Of course, the facts of Plath’s own life bore a controversial influence over her own work, whether it was her notorious marriage to fellow writer Ted Hughes or the myriad references to the mental illnesses that she suffered throughout her life, ultimately leading to her tragic suicide in 1963 when she was 30 years old. But in the space of such a short career, Plath created a transcendental force that forever changed the face of literature – weaving complexity into notions of femininity never before discussed, and subsequently becoming one of the world’s most celebrated writers.
Plath’s seminal poetry collections Colossus and Ariel stand testament to her enrapturing power, but perhaps the most prolific and insightful exploration into her imagined world was her singular novel The Bell Jar, written in 1963, which served as the most expansive key to her literary horizons. In both a poetic and novelistic sense, she had been linked to ‘confessional’ writers such as Robert Lowell and Anne Sexton, but the books she cherished most tender to tell a much richer story.
Plath was significantly influenced by Russian author Fyodor Dostoevsky, whose novels The Idiot, The Double, and The Brothers Karamazov constituted some of her all-time favourite works.

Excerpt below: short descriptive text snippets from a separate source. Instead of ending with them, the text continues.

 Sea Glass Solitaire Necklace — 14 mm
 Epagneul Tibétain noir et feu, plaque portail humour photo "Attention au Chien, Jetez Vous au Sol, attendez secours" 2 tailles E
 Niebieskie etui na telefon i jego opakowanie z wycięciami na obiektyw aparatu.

In addition, other Russian literary greats in the form of Leo Tolstoy and his 1878 classic books Anna Karenina and War and Peace were also worshipped by Plath, bridging on the themes of realism, modernism, marriage, and betrayal that were often similarly pertinent to her own work.
The author was also highly reverential of a range of more romantic offerings, namely by DH Lawrence, in the novels Lady Chatterley’s Lover, Sons and Lovers, and Women in Love. However, the highly explicit sexual nature of many of Lawrence’s works, including these, also bears a point of interest in Plath’s own canon. Always pushing the boundaries of women’s representation, her portrayals of female sexuality, mental health, and agency have become significant markers in the entirety of literary history, even if penned much more contemporarily than some of her predecessors.

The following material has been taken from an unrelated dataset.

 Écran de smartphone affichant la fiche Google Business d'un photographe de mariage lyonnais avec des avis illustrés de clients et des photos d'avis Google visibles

Rounding out Plath’s favourable list are a slew of other notable classics including The Lord of the Rings by JRR Tolkien, The Great Gatsby by F Scott Fitzgerald, and A Writer’s Diary by Virginia Woolf. While undeniably all of these novels and authors have had seismic impacts on almost every writer across the literary canon, it is interesting that they also left a lasting impression on Plath, who despite not sharing genres or style, still had an all-knowing awareness and appreciation of words that transformed her into a literary great.

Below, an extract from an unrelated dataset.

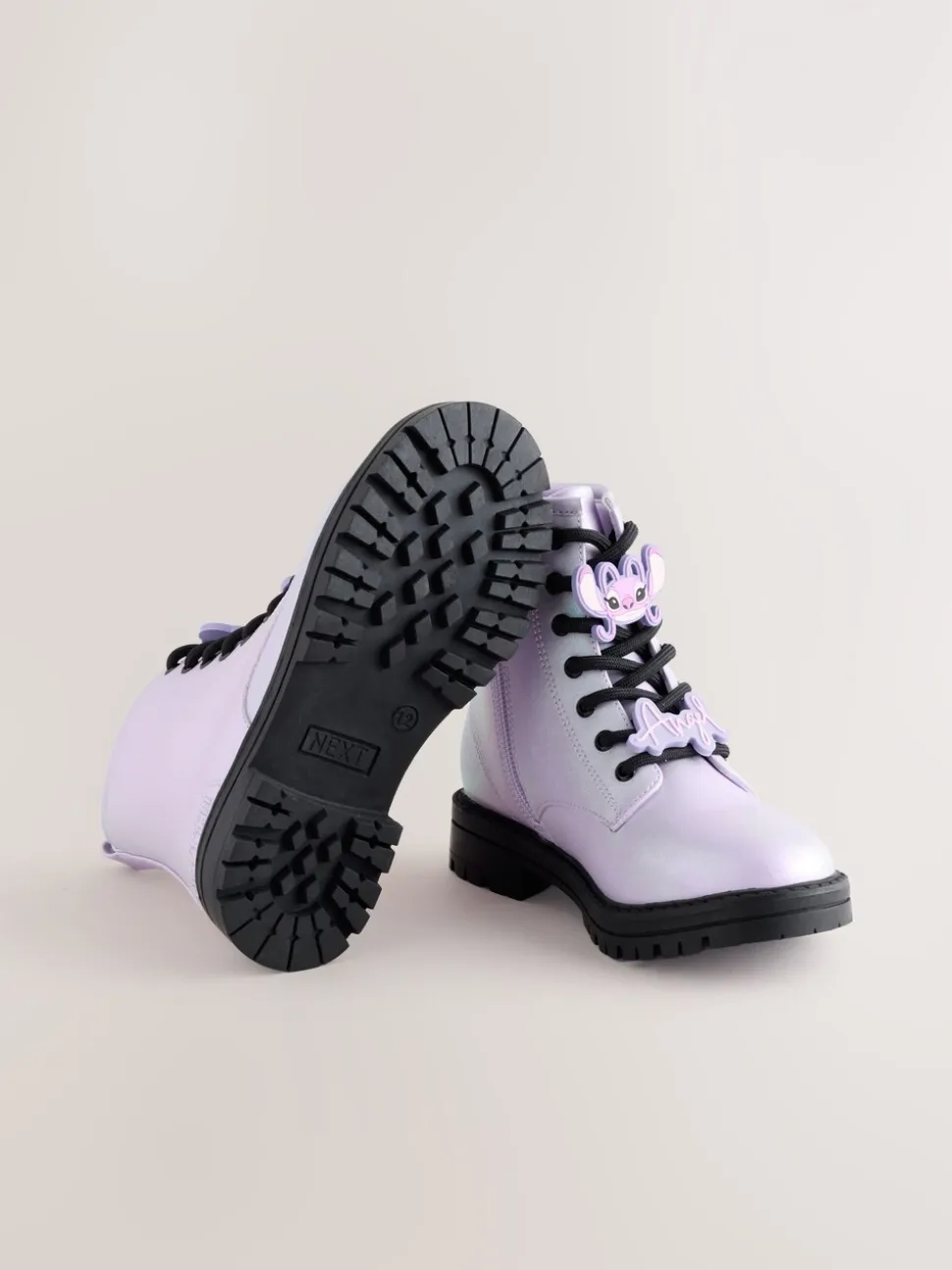 Metallic paars - Lilo & Stitch warmgevoerde enkellaarzen met vetersluiting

As has been demonstrated on countless occasions over time, Plath is an entire mode of study all on her own. Whether it’s the technical aspects of her poetry or the convoluted narrative of her life, so much was channelled into one woman’s blazing story that no matter how much she is examined, no one will truly ever be able to fully unpick her enigmas. Branching out to look at her favourite books is yet another method of dissection – but equally, also just leads down deeper and deeper rabbit holes.